[Opening Material for this task section]
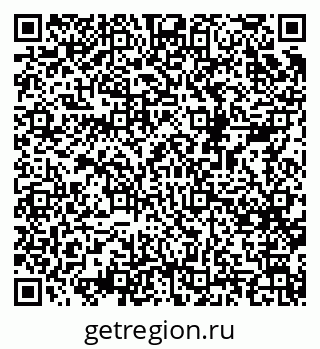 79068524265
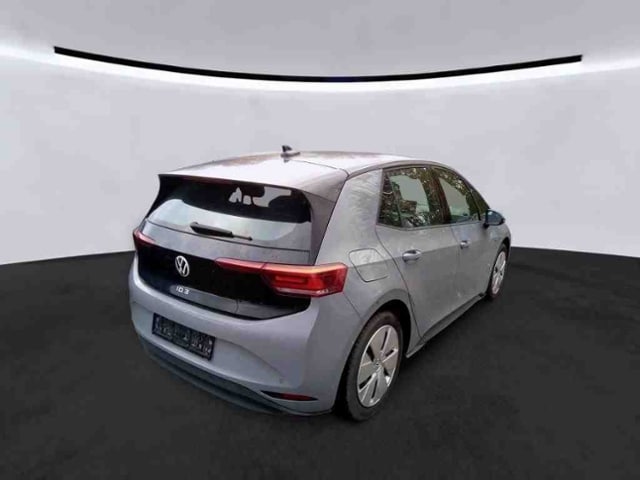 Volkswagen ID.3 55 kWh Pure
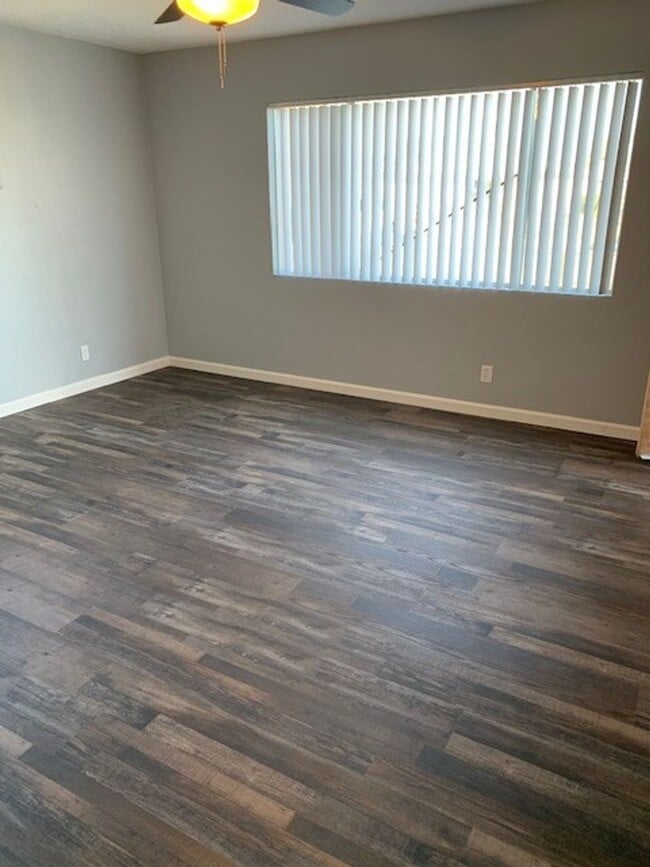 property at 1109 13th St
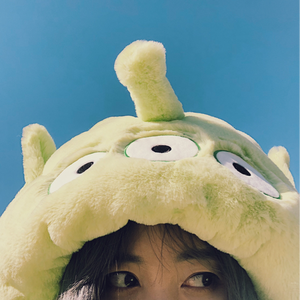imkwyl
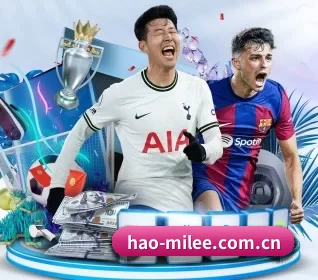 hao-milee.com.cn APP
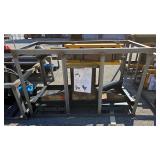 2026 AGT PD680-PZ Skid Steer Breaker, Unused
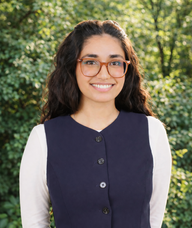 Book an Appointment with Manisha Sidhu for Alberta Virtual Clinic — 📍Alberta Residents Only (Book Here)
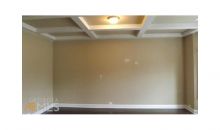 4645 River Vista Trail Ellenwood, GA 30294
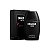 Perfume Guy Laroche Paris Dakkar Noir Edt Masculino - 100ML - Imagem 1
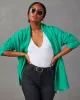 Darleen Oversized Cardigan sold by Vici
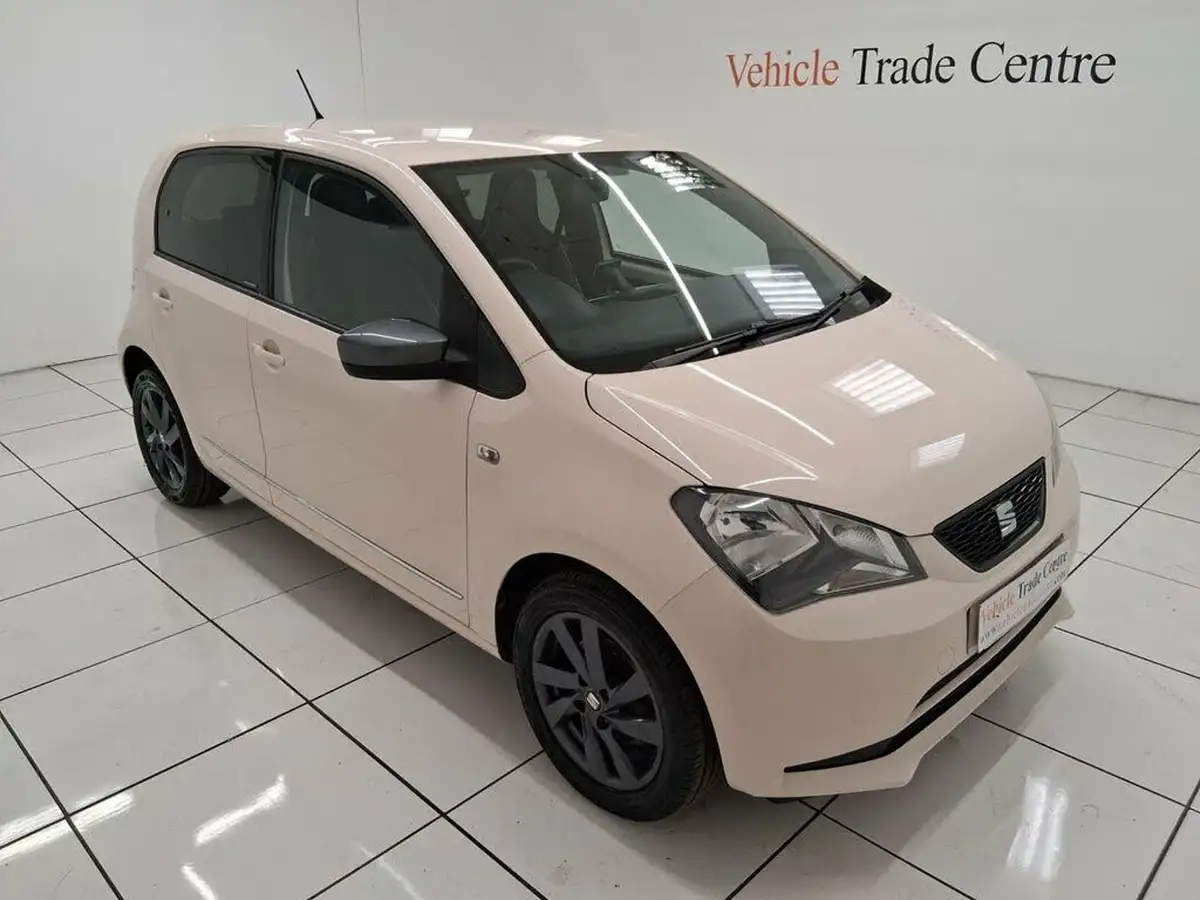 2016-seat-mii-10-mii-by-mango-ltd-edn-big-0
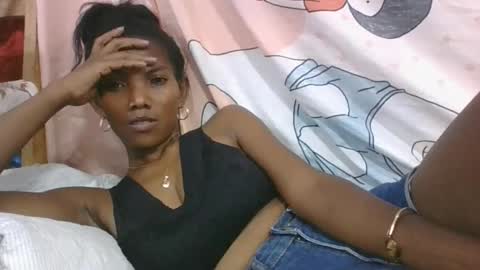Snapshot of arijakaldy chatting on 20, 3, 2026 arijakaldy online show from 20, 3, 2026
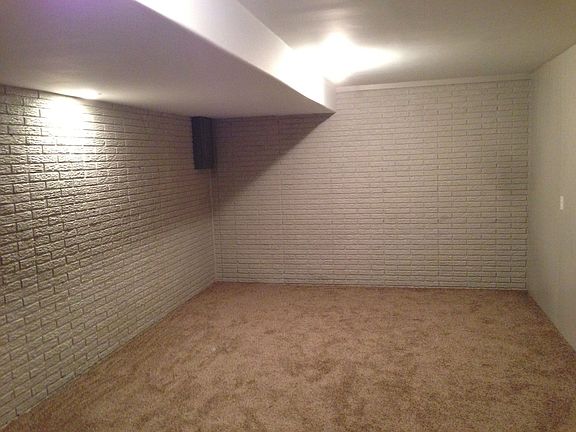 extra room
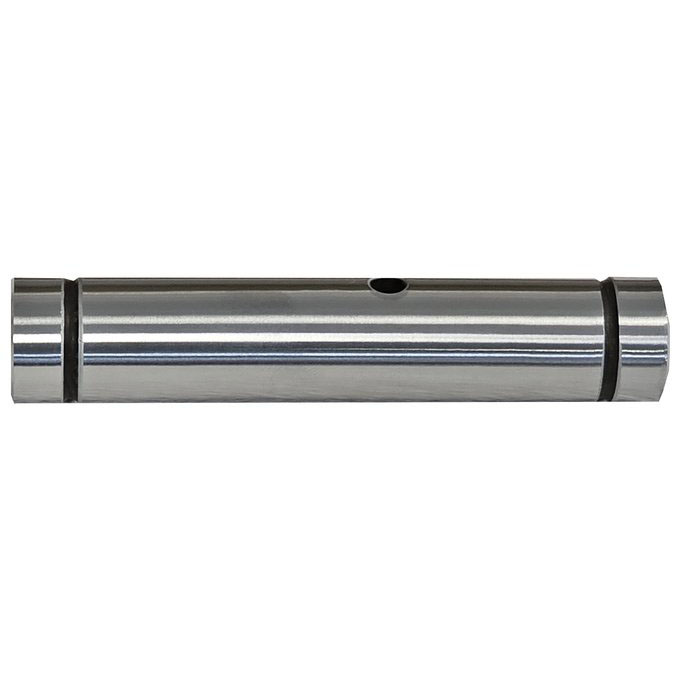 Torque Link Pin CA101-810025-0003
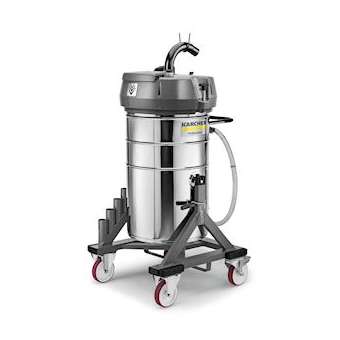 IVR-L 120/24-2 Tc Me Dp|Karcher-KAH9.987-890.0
[Closing Material for this task section]
● Try it
Transcribe the data verbatim. No picture belongs in the result.

● Output
 79068524265
 Volkswagen ID.3 55 kWh Pure
 property at 1109 13th St
imkwyl
 hao-milee.com.cn APP
 2026 AGT PD680-PZ Skid Steer Breaker, Unused
 Book an Appointment with Manisha Sidhu for Alberta Virtual Clinic — 📍Alberta Residents Only (Book Here)
 4645 River Vista Trail Ellenwood, GA 30294
 Perfume Guy Laroche Paris Dakkar Noir Edt Masculino - 100ML - Imagem 1
 Darleen Oversized Cardigan sold by Vici
 2016-seat-mii-10-mii-by-mango-ltd-edn-big-0
Snapshot of arijakaldy chatting on 20, 3, 2026 arijakaldy online show from 20, 3, 2026
 extra room
 Torque Link Pin CA101-810025-0003
 IVR-L 120/24-2 Tc Me Dp|Karcher-KAH9.987-890.0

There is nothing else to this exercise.